Variables In Input Data

All variables in the data set are listed here.

Selected Variables

Variables listed here will be utilized in the Analytic Solver Data Mining output.

Output Variable

Select the variable whose outcome is to be predicted here.

Partition Data

Analytic Solver Data Mining includes the ability to partition a dataset from within a classification or prediction method by selecting Partition Options on the Parameters dialog. If this option is selected, Analytic Solver Data Mining will partition your dataset (according to the partition options you set) immediately before running the prediction method. If partitioning has already occurred on the dataset, this option will be disabled. For more information on partitioning, please see the Data Mining Partitioning chapter.

Rescale Data

Click Rescale Data to open the Rescaling dialog.

New in V2017, use Rescaling to normalize one or more features in your data during the data preprocessing stage. Analytic Solver Data Mining provides the following methods for feature scaling: Standardization, Normalization, Adjusted Normalization and Unit Norm.
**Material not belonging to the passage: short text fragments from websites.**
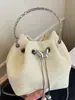 Bolsa Feminina de Nicho Estilo Coreano 2025 Nova Bolsa Transversal de Alto Valor Moda Bolsa de Ombro Único Bolsa Saco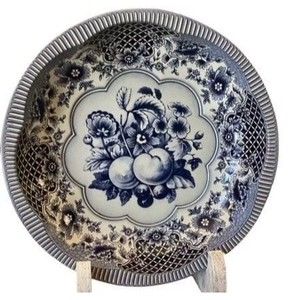 Daher Decorative Ware Blue and White Tin Bowl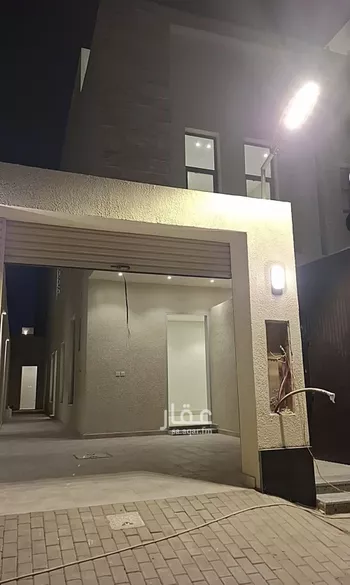 دور للبيع في شارع الامام مسلم, حي بدر, مدينة الرياض, منطقة الرياض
For more information on this new feature, see the Rescale Continuous Data section within the Transform Continuous Data chapter that occurs earlier in this guide.

# Neighbors (k)

This is the parameter k in the k-nearest neighbor algorithm. If the number of observations (rows) is less than 50 then the value of k should be between 1 and the total number of observations (rows). If the number of rows is greater than 50, then the value of k should be between 1 and 50. The default value is 1.

Nearest Neighbors Search

If Search 1..K is selected, Analytic Solver Data Mining will display the output for the best k between 1 and the value entered for # Neighbors (k).

If Fixed K selected, the output will be displayed for the specified value of k. This is the default setting.

Score Training Data

Select these options to show an assessment of the performance of the tree in classifying the Training Set. The report is displayed according to the specifications: Detailed, Summary, and Lift Chart.

Score Validation Data

These options are enabled when a Validation Set exists. Select these options to show an assessment of the performance of the algorithm in classifying the Validation Set. The report is displayed according to the specifications: Detailed, Summary, and Lift Charts.

Score Test Data

These options are enabled when a test set is present. Select these options to show an assessment of the performance of the tree in classifying the test data. The report is displayed according to your specifications: Detailed, Summary, and Lift Charts.

Score New Data

See the Scoring New Data section for information on the KNNP_Stored worksheet.